The political landscape in the UK continues to evolve. Particularly pertinent for HICL is the development of thinking on infrastructure financing: on the one hand, the Treasury is looking at new ways to fund essential investment in national infrastructure; and on the other hand, the Labour Party has raised the prospect of nationalisation of certain infrastructure. Addressing both themes, the Investment Adviser will provide input to HM Treasury and the Infrastructure and Projects Authority’s joint Infrastructure Finance Review Consultation and is engaged in constructive discussions with policy-makers who are interested in forming a balanced perspective of the private sector’s involvement in infrastructure delivery. HICL is thus represented in the UK national dialogue around the future of infrastructure investment.
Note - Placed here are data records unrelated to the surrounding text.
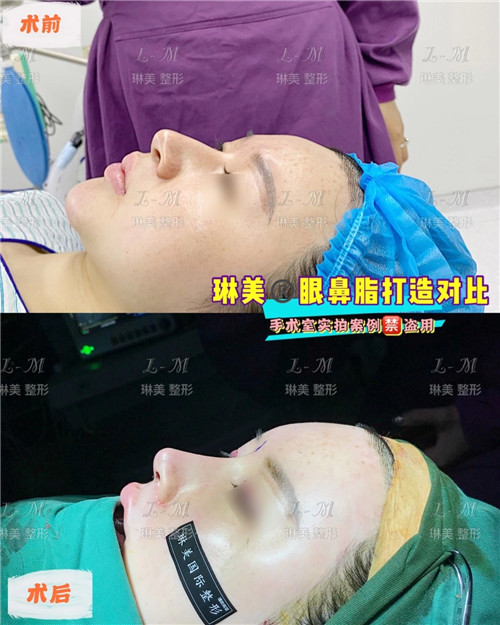 上海琳美鼻综合整形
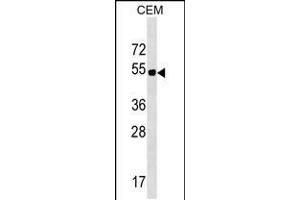 Western blot analysis in CEM cell line lysates (35ug/lane). (ELL3 抗体  (C-Term))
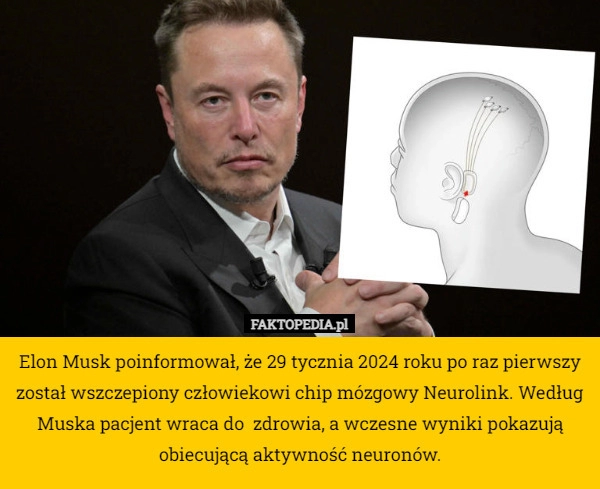 
    Elon Musk poinformował, że 29 tycznia 2024 roku po raz pierwszy został wszczepiony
Setting aside the practical barriers to nationalisation, such as the necessary compensation that would be payable to infrastructure owners including UK pensioners and savers, the narrative around nationalisation ignores the many benefits of private capital invested in the infrastructure that facilitates the delivery of public services. For example, since 1990, service indicators across the water sector in England and Wales have outperformed those in France, Ireland, Italy and Spain. The water sector in England and Wales is also the top performer for customer service and compares well for bill levels. It is also estimated that a greater increase in productivity rates in the private sector compared to the public sector is worth at least GBP3.2 billion in cost savings, which is reflected in customer bills. As these statistics illustrate, the true picture of private sector participation in the management of public infrastructure does not fit easily into a headline.

Research by the Global Infrastructure Investor Association has found that in the UK 8.7m individual pensions, of which 59% belong to serving or former public sector employees, across 118 UK pension funds are invested in UK infrastructure. This does not take into account individual UK savers who have invested in infrastructure funds, including c. 50% of HICL’s shareholders, through their private pensions, savings products and direct shareholdings. Future discussions on the merits and consequences of nationalisation must recognise and address the impact on end investors in infrastructure.

HICL is a long-term owner and custodian of public infrastructure and takes seriously its responsibilities to all stakeholders, including end users. The Board and InfraRed will continue to engage constructively with the UK government, policy-makers and politicians across the spectrum in relation to the private sector’s role in infrastructure investment.”